WORK ORDER: Return verbatim the run of lines that opens with the line holding "Louisville Slugger Baseball Bat" and closes with the last line of the records.

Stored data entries
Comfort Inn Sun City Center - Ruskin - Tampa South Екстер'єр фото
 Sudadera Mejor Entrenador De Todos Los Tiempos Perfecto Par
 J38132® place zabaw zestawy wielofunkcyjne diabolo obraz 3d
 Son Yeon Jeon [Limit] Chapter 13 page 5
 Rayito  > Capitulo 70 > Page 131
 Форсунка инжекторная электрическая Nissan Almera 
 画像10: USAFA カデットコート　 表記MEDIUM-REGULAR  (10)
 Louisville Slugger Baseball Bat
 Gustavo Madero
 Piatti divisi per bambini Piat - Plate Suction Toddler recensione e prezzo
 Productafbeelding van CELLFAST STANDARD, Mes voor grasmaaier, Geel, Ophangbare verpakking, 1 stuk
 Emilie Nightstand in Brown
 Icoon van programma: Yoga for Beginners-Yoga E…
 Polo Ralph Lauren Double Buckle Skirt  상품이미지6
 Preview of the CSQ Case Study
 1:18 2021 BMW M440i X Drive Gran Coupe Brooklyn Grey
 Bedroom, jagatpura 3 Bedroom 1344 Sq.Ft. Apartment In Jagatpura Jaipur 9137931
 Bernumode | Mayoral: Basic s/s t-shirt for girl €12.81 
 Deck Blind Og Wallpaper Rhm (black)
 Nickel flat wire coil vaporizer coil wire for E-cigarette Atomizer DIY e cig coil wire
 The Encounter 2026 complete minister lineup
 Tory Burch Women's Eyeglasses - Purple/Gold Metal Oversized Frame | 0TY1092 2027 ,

ANSWER BOX:
 Louisville Slugger Baseball Bat
 Gustavo Madero
 Piatti divisi per bambini Piat - Plate Suction Toddler recensione e prezzo
 Productafbeelding van CELLFAST STANDARD, Mes voor grasmaaier, Geel, Ophangbare verpakking, 1 stuk
 Emilie Nightstand in Brown
 Icoon van programma: Yoga for Beginners-Yoga E…
 Polo Ralph Lauren Double Buckle Skirt  상품이미지6
 Preview of the CSQ Case Study
 1:18 2021 BMW M440i X Drive Gran Coupe Brooklyn Grey
 Bedroom, jagatpura 3 Bedroom 1344 Sq.Ft. Apartment In Jagatpura Jaipur 9137931
 Bernumode | Mayoral: Basic s/s t-shirt for girl €12.81 
 Deck Blind Og Wallpaper Rhm (black)
 Nickel flat wire coil vaporizer coil wire for E-cigarette Atomizer DIY e cig coil wire
 The Encounter 2026 complete minister lineup
 Tory Burch Women's Eyeglasses - Purple/Gold Metal Oversized Frame | 0TY1092 2027 ,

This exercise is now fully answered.